One other caution we would be wise to heed is not to judge a person’s current theology or spiritual vitality based solely on secondary associations or those whom they may have studied under in the past. Acts 7:22 says, “Moses was educated in all the wisdom of the Egyptians and was powerful in speech and action.” In Acts 22:3, Paul said, “I studied under Gamaliel…” God chose to include this academic background about these men in His Word. Both of them had those influences in their history that we would certainly deem questionable, at best, but they went on to embrace different beliefs as they encountered the living God in a personal way. In the bio on her website, Mrs. Barton includes these important words: “The breadth of Ruth’s study and learning in a variety of settings contributes to the strength of her teaching and writing. While she values all that she has gained from the teachers and institutions in which she has studied, this does not imply endorsement of everything taught in these environments. Ruth’s teaching and writing have been most profoundly shaped by her commitment to “examine the Scriptures to see if these things are so.” (Acts 17:11)” Here is the link to her statement of faith and it would helpful to read what she believes and adheres to, in her own words, and not from other sources: http://www.transformingcenter.org/in/about/what-we-believe.shtml.
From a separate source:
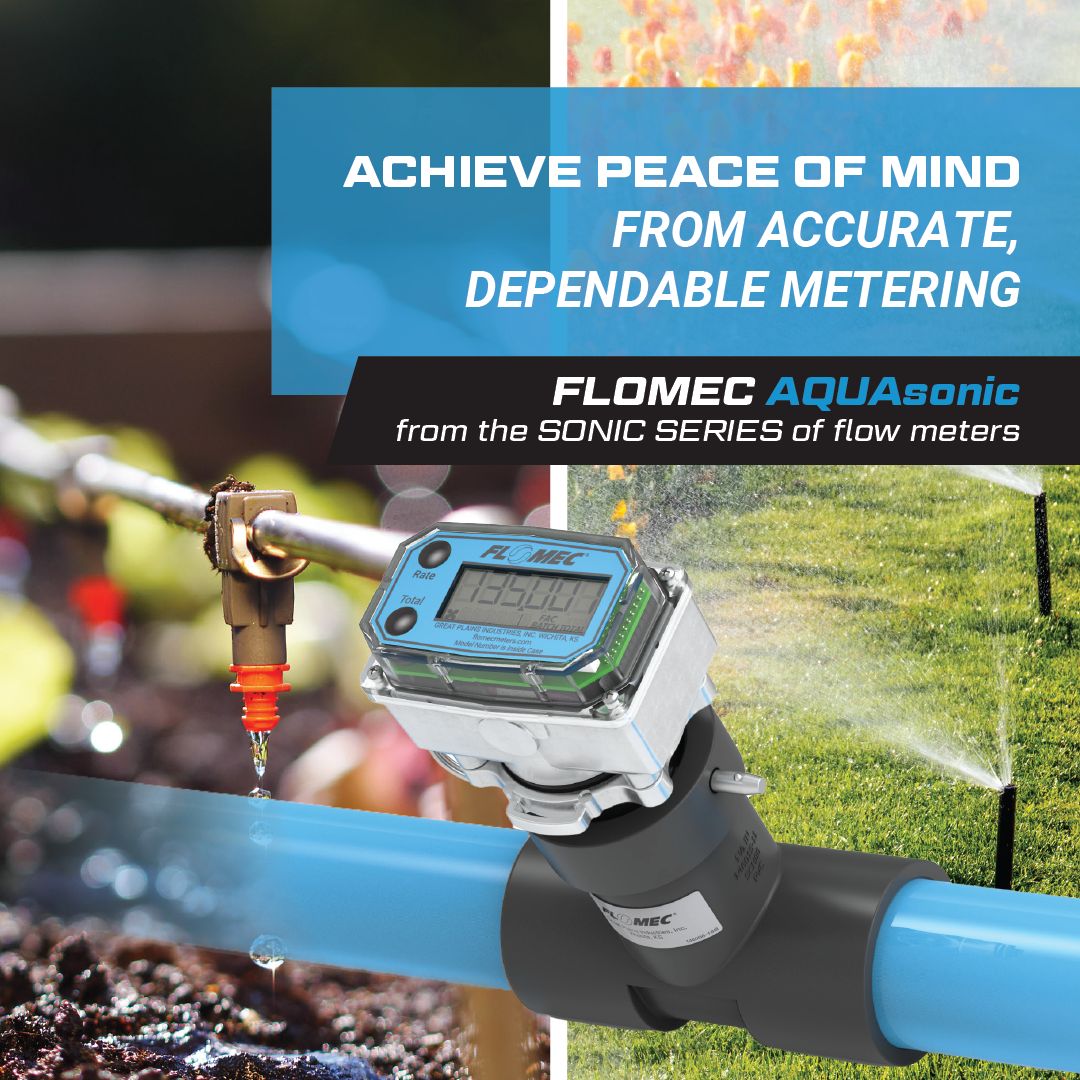 Flomec AQUAsonic Flow Meter thumbnail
Further, it is unwise to jump to conclusions that since Speaker A, once quoted Speaker B, who then quoted secular speaker C – that therefore Speaker A and Speaker C are in the same boat with one another. The Apostle Paul quoted pagan poets in Acts 17, but that did not mean he was a pagan. And, interestingly, his quotation was not even used in a negative context meant to disprove that pagan poet. In fact, he used what the pagan poet had said to make a case for God’s truth.
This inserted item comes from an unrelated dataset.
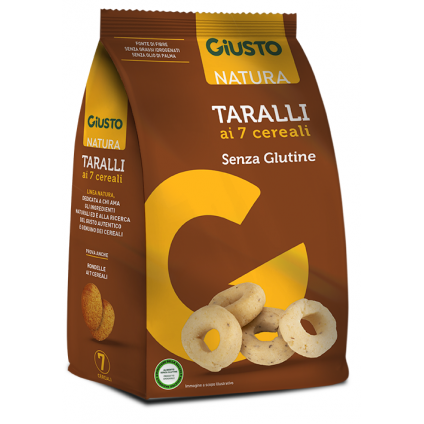 GIUSTO S/G Taralli 7 Cer.175g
We want to assure those with concerns that there is not even the smallest part of us that embraces any form of eastern religion or the New Age movement’s teachings and practices. We are a group of Spirit-filled women, all volunteers, who prayerfully met together and considered who might bring something valuable to our event at General Council. Scripture exhorts us that we will know a tree by the fruit it bears. Countless AG people, and credentialed leaders, have testified to drawing much closer to the Lord as a result of Ruth’s books and teachings. We have personally talked with those who were on the verge of dropping out of ministry until they read, “Strengthening the Soul of Your Leadership,” her book based on the life of Moses. Ruth was chosen by our credentialed women in ministry committee because so many of them have come to appreciate her message of setting aside all the busyness and noise to focus on Jesus, and quietly wait upon the Lord. It’s really no wonder that the enemy would like to keep this message from being heard. He would prefer that Christian leaders remain too busy to stop their activity, wait on God, and hear from Him. It is our prayer that God will use this event to continue to draw women closer to Him and to help our female ministers fulfill their calling with longevity, spiritual health, and an even greater anointing of the Holy Spirit.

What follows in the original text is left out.